Within seconds of hearing the lyrics Daddy, don't you walk so fast My darlin' cried Daddy, don't you walk so fast Daddy, slow down some 'cause you're makin' me run Oh, daddy, don't you walk so fast my entire field of vision was reduced to a blurry mess. And the free association that went on with that song?? Ho my god. My free association is the kind that prohibits me from EVER doing ANY kind of Stream of Consciousness post.
With your well being in mind, I shall limit your exposure to only 20 seconds worth, but here it is:
What I listen to in my head all day:
Oh! It's that song...Daddy don't you walk so fast!
This song is killing me
I remember when they were so little.
How could they be teenagers all ready?
If only I knew then what I know now ...
I'd play Go Fish with them every dang time they asked
I can't believe I don't have babies anymore
What will I do when Alec is gone
I don't know if I can handle it
They used to love Cheerios.
And Cheerios necklaces.
And it was their favorite snack.
Xavier used to feed Cheerios to his talkingmatron Barney doll
In the high chair
And then he'd reach over and offer him apple juice from his sippy cup
Hold it together, woman
You gotta make it out of this store
You're in this aisle alone right now
but you know any minute a cart's going to come around the corner
Oh sweet jesus I have to call my husband
No I can do this
No I can't - It's pretty bad
Quick. Snap out of it Snap out of it
Oh my gosh, LOOK!
Froot Loops too
Oh, they used to LOVE Froot Loops necklaces ...

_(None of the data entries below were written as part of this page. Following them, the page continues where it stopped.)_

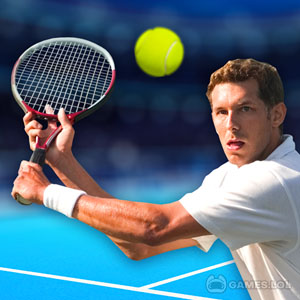 Play Tennis World Open 2022 – Sport on PC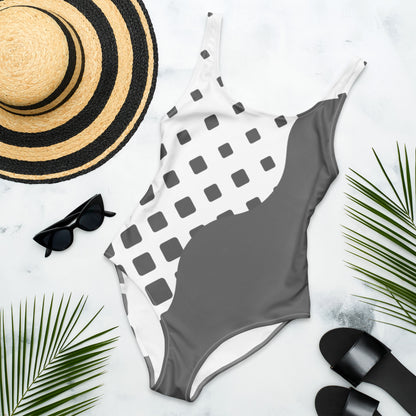 One-Piece SwimsuitOne-Piece Swimsuit FelinDesign 2026 #46 - FelinDesign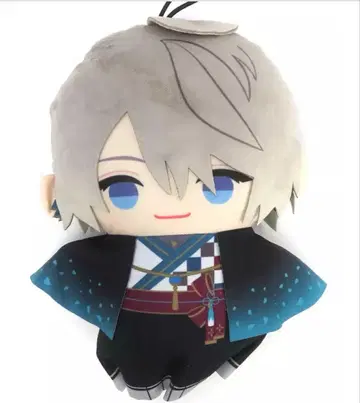 니지산지 카이다 하루 BIG 니지 퍼펫 VTuber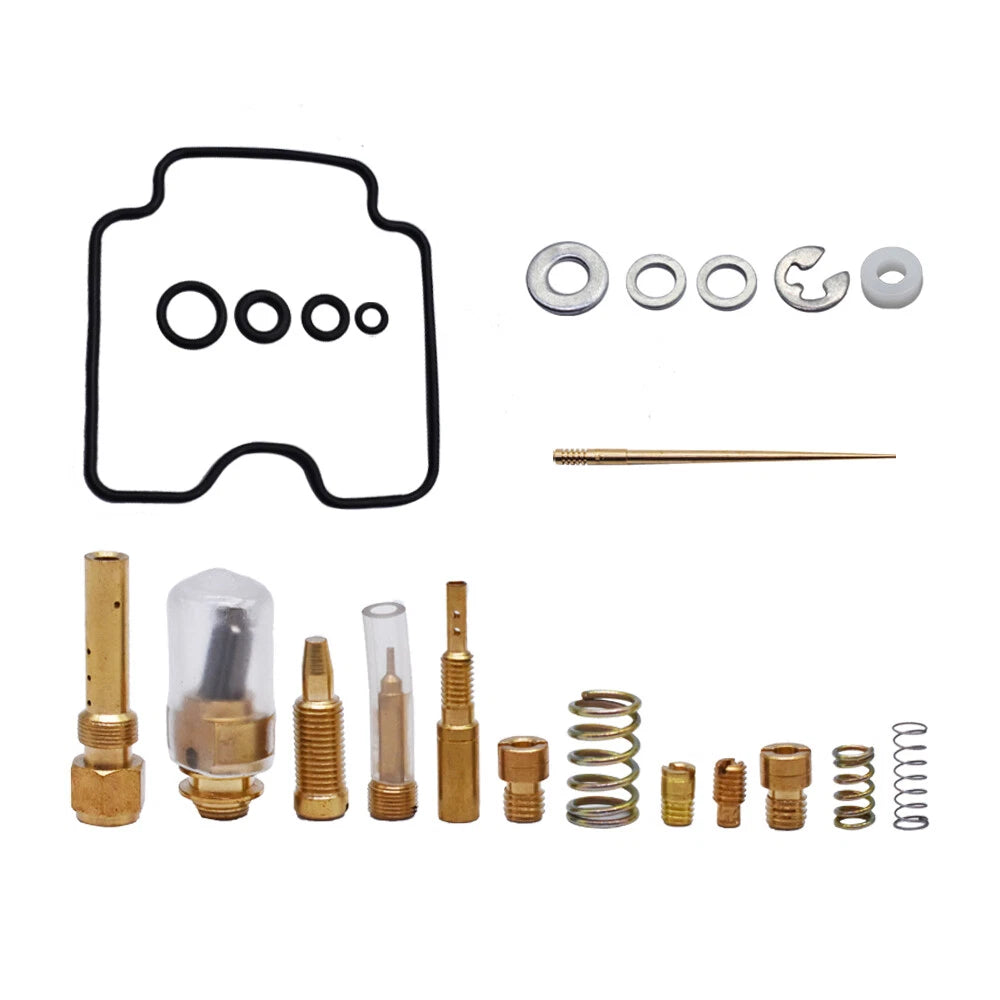 Carburetor Rebuild Kit for Can Am DS 650 (2000–2007)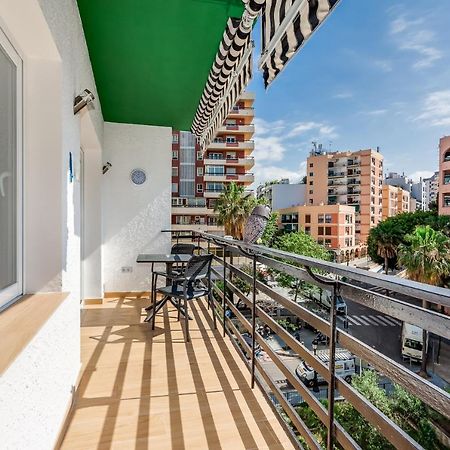 New 1 Bedroom Apartement On The Sea In Marbella. Luaran gambar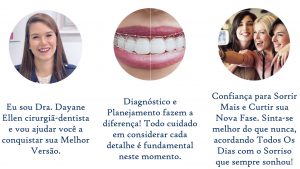 facetas de resina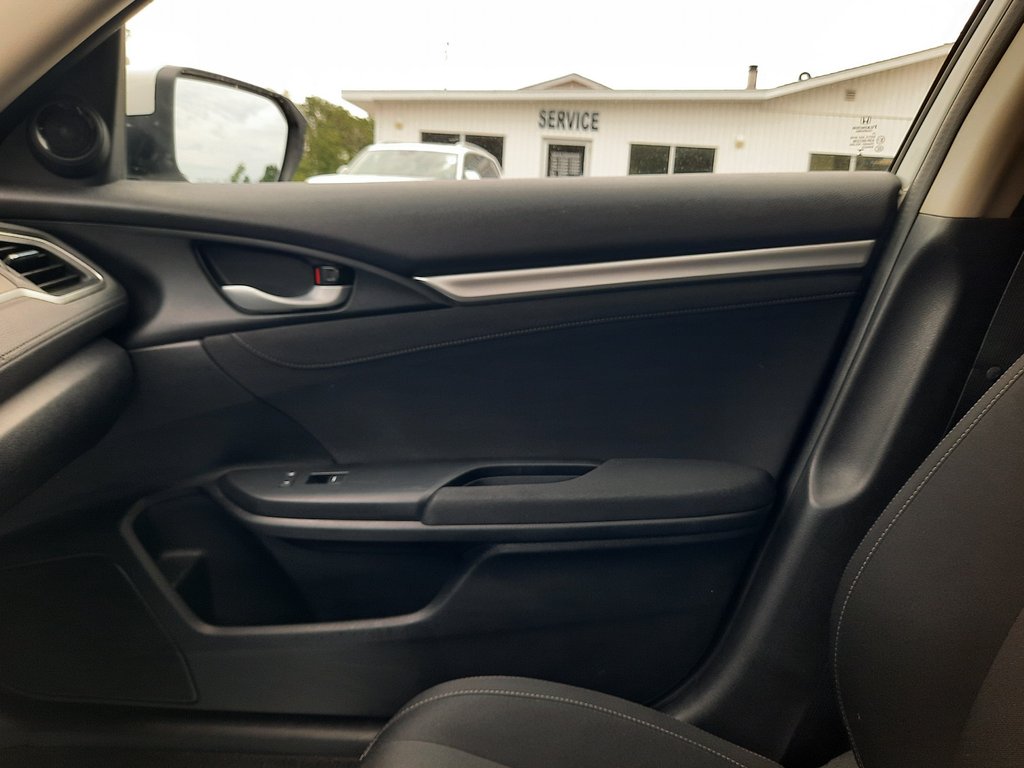 2019 Honda Civic Sedan EX in Hebbville, Nova Scotia - 22 - w1024h768px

How did it all go by so fast
::hic hic sputter hic hic::
You can't convince me seasonal depression isn't in kahoots with Muzak.
One of the ways I fight back with that ugly monster SAD who takes advantage of a good, clean living woman like me, is to come up with a form of self-improvement. I treat myself to a new nail polish color, a new lipstick. If it's a particularly bad SAD episode -- it's all out with a new facial exfoliator.
I pushed my cart out of the hysteria inducing Aisle #4 cereal aisle and raced through as safely as I could until I reached my land of milk and honey, Aisle #7, Health and Beauty. I let out a big, deep breath.
As I took my time rolling out lipstick tubes and deciding which would be the color Prozac, my eyes fell upon the shelf on the other side of the aisle. They were promising youthful younger better faster over there.
I slid my shopping cart one section over. It was the hair-dye section. And there was a glorious smirking siren on the box cover beckoning me to come, join her hither, in the land of the avocado and coconut oil sheenness of it all. Ooooh ... she was good.
I picked up the box and put it on top of the Cheerios. Mama had big plans for tonight.
After I was home, groceries unpacked, dinner made, family watching the football game on TV, I took my rectangular sunshine in a box upstairs. Now, my hair color is fine ... it's my eyebrows that I really want to take back to their dark, youthful, lush days. [Exhibit A]
|Ladies and Gentlemen: Eyebrow Exhibit A|
Yes, I applied Midnight Raven #039 to my eyebrows.
I know the box says Keep away from eyes.
But there was some Heavy Duty Major League SAD going on.
As my wonderful son, who sat through the ten minute brush-on process with me said in sincere hopes of providing comfort, "it doesn't look as bad in real life as it does in the mirror, Mom."
Yeah, Still - I sure could use a village of bloggers right now.